At 10:15 PM 11/17/99 -0500, you wrote:
>On Thu, 18 Nov 1999, Renato Iannella wrote:
> > --On 17/11/99 4:30 PM +0200 Ora.Lassila@nokia.com wrote:
> >
> > > Stefan,
> > >
> > > you raise a very interesting question. As I recall, it was actually 
> at one
> > > time discussed in the RDF working group.
> >
> > And I remeber it like it was yesterday ;-)
> >
> > I unsuccessfully argued for a facility in RDF syntax to differentiate
> > between a URI being used to *identify* another resource (which we have
> > now with "resource=" attribute) and a URI that is a link to more RDF
> > that _could_ be dereferenced (with a new attribute "metadata=").
> >
> > For W3C Memebers you review the thread starting at:
> >
> >   http://lists.w3.org/Archives/Member/w3c-rdf-syntax-wg/1998Dec/0007.html
> >
> > I still think that this is a _useful_ facility for the "Semantic Web"
>
>See also the 'seeAlso' property in RDF schema, which can be used for
>exactly this.
>
>         2.3.4 seeAlso
>         The property rdfs:seeAlso specifies a resource that contains 
> information
>         about the subject resource.
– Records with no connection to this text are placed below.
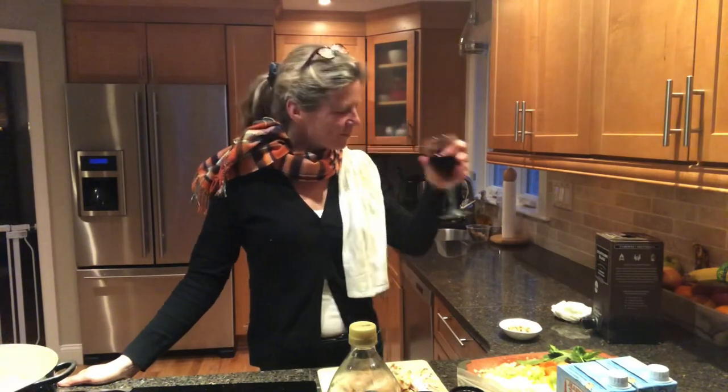Hello and welcome to 'I Cook and I Drink' on a Monday night. First of all, the beverage of choice is a lovely glass of wine. Cheers. Nothing better after a long day of work.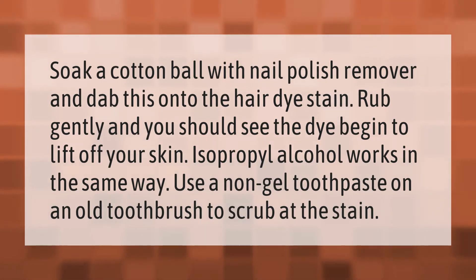Isopropyl alcohol works in the same way. Use a non-gel toothpaste on an old toothbrush to scrub at the stain.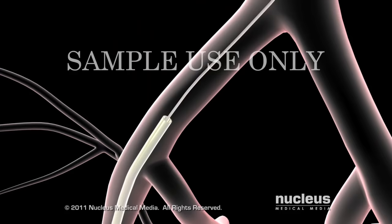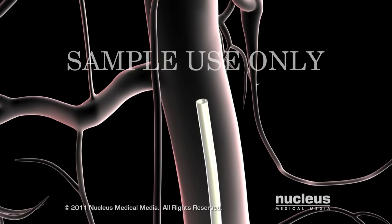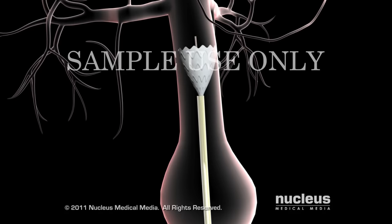A catheter or hollow tube will be passed over the guide wire and pushed toward your aneurysm. Using live x-ray pictures as a guide, your surgeon will pass an endovascular stent graft, a compressed fabric and metal tube, through the catheter to the aneurysm.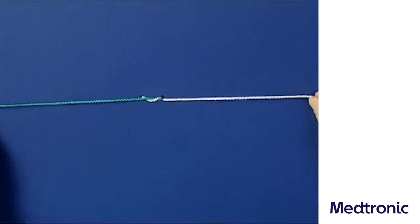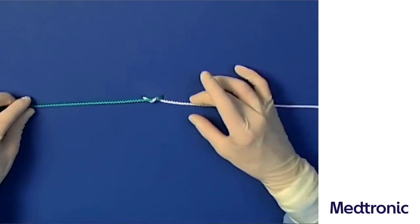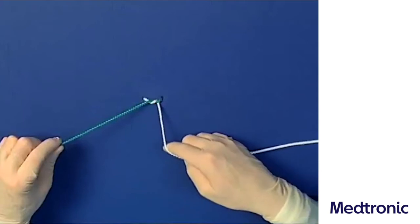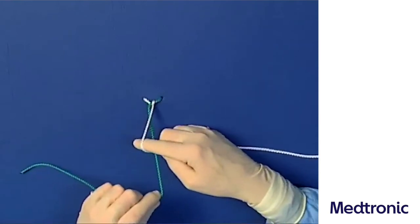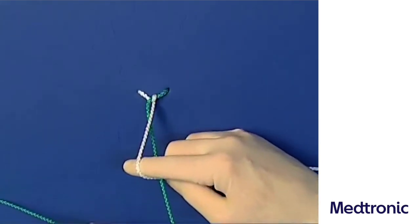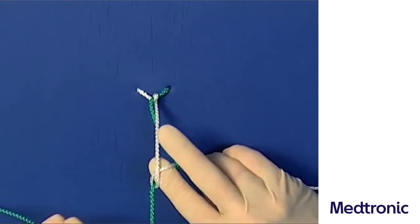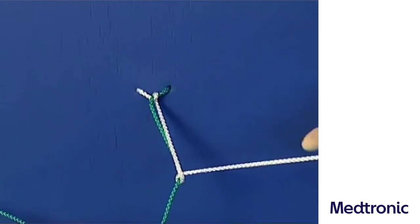For the sailor's knot, the second loop is described by use of the opposed technique. Here this is performed with the right hand using the so-called index finger technique. The left suture end, which is now on the right, is held between the thumb and index finger of the right hand and led radially over the last joint of the right index finger. The right suture part, which is now on the left, is led to the right so that it crosses the left suture end. The right index finger now moves below the left suture end, draws it upwards, and forms the second loop.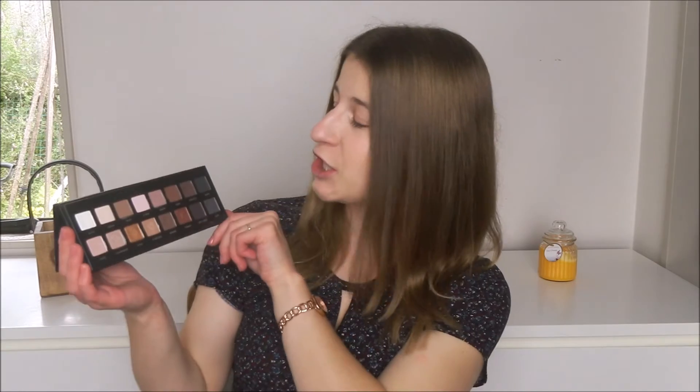Hey everyone! For today's video I thought I would have a go at the challenge that's going around YouTube at the moment to do a full face of makeup using only one eyeshadow palette. For this I have chosen the Lorac Pro palette because there are a bunch of different colours in here. I already use Espresso to do my brows so that will be absolutely fine. I've already got my foundation and concealer on so I'm just going to use this for everything else except for mascara.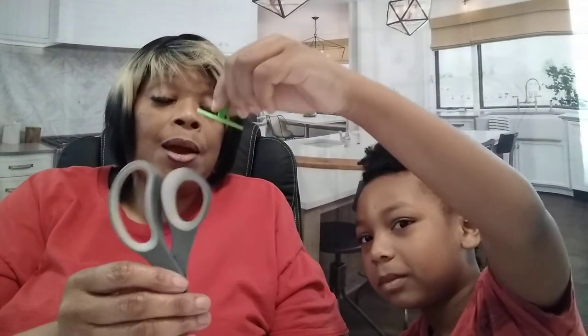All right, take it off. I have a pair of scissors here that have two different materials. The top part is made of plastic. Does it stick to plastic? The bottom part is metal. Does it stick to it? Yes, it is attractive to it. Good.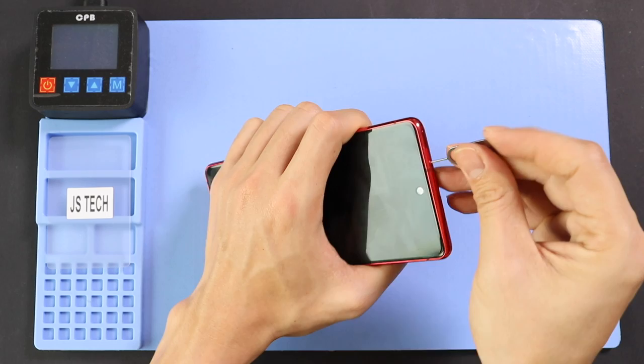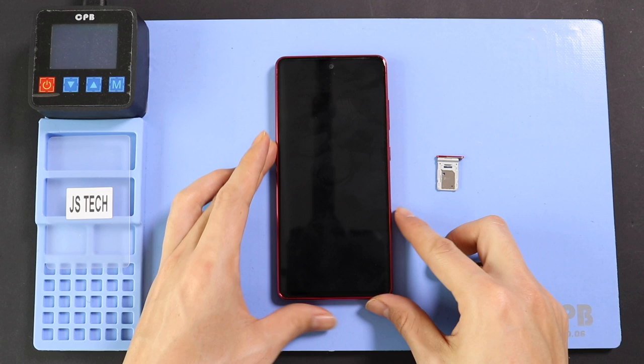To start, we need to have the right tools to proceed with the repair, which you can find in the description. First,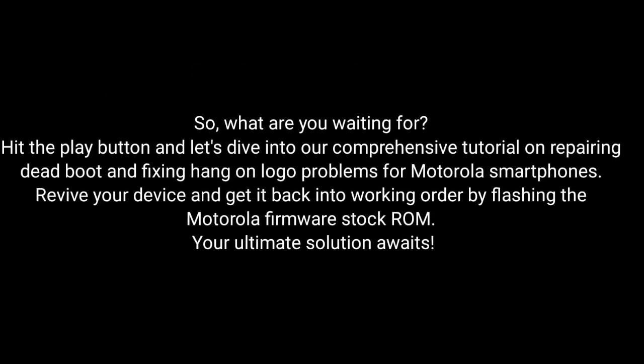So, what are you waiting for? Hit the play button and dive into our comprehensive tutorial on repairing dead boot and fixing hang-on logo problems for Motorola smartphones. Revive your device and get it back into working order by flashing the Motorola Firmware Stock ROM. The ultimate solution awaits — let's do this.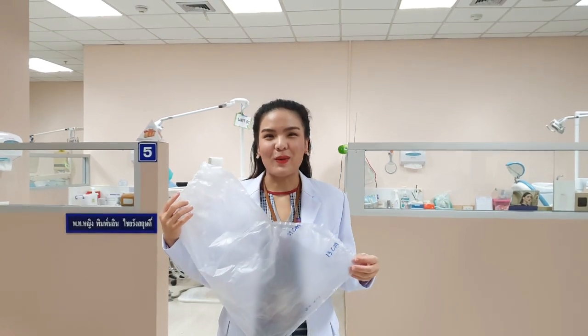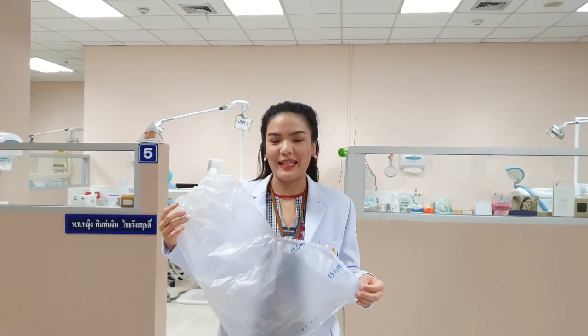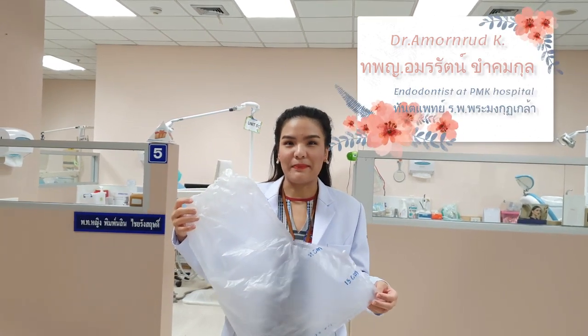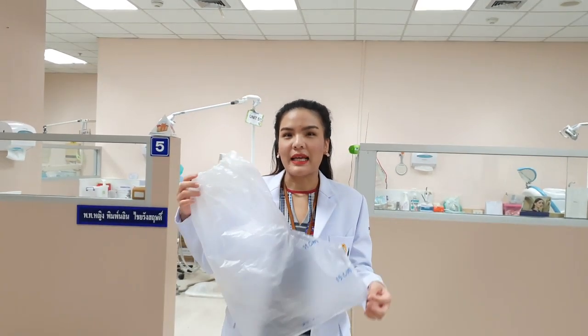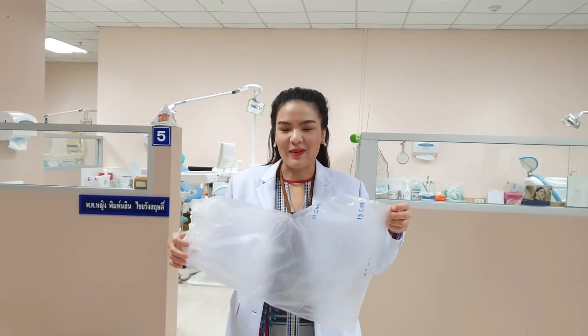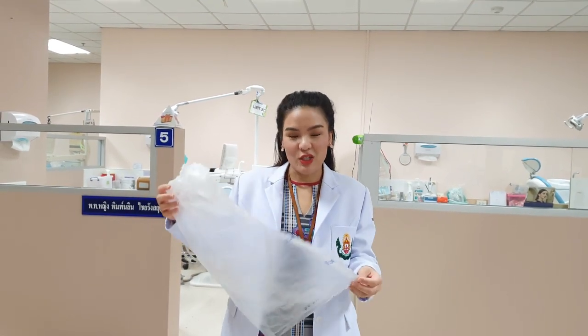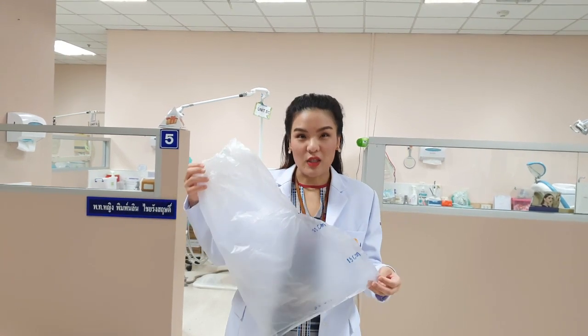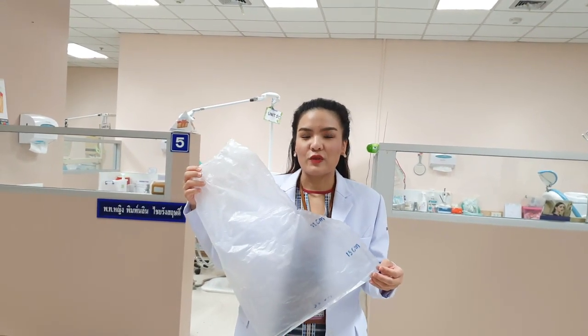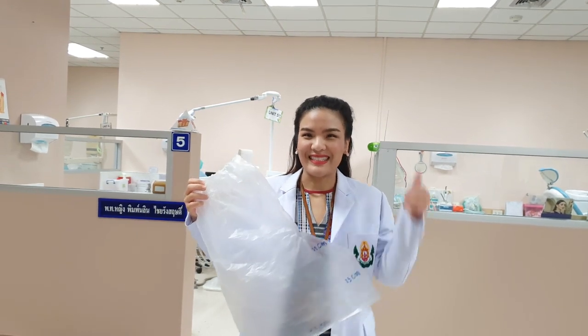Hello everyone, welcome to the PVE for COVID-19. Today I would like to teach you how to do PVE for the PVE to find it with a COVID patient.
This property may be specialized using
>         rdfs:subPropertyOf to more precisely indicate the nature of the
>         information the object resource has about the subject resource.
>
>This can be used as a hint in the case of self-describing resources.
>
>
>While syntactic abbreviations to tell us about self-describing uses are
>certainly useful, I think it is worth making a point of the fact that
>(a) this is just more metadata about something, and (b) there are a
>variety of ways of acquiring metadata from a URI-named resource which
>we'll want to reflect into RDF. It becomes a slippery slope as to when
>'resource=' versus 'metadata=' would've been appropriate.
>
>For example: for many resources in the http:* namespace it might be
>appropriate to use the HEAD HTTP method to find out more metadata, or use
>WebDAV facilities, or send a content-negotation mimetype preference of
>(for eg) text/x-rdf to express an interest in an RDF view of the object.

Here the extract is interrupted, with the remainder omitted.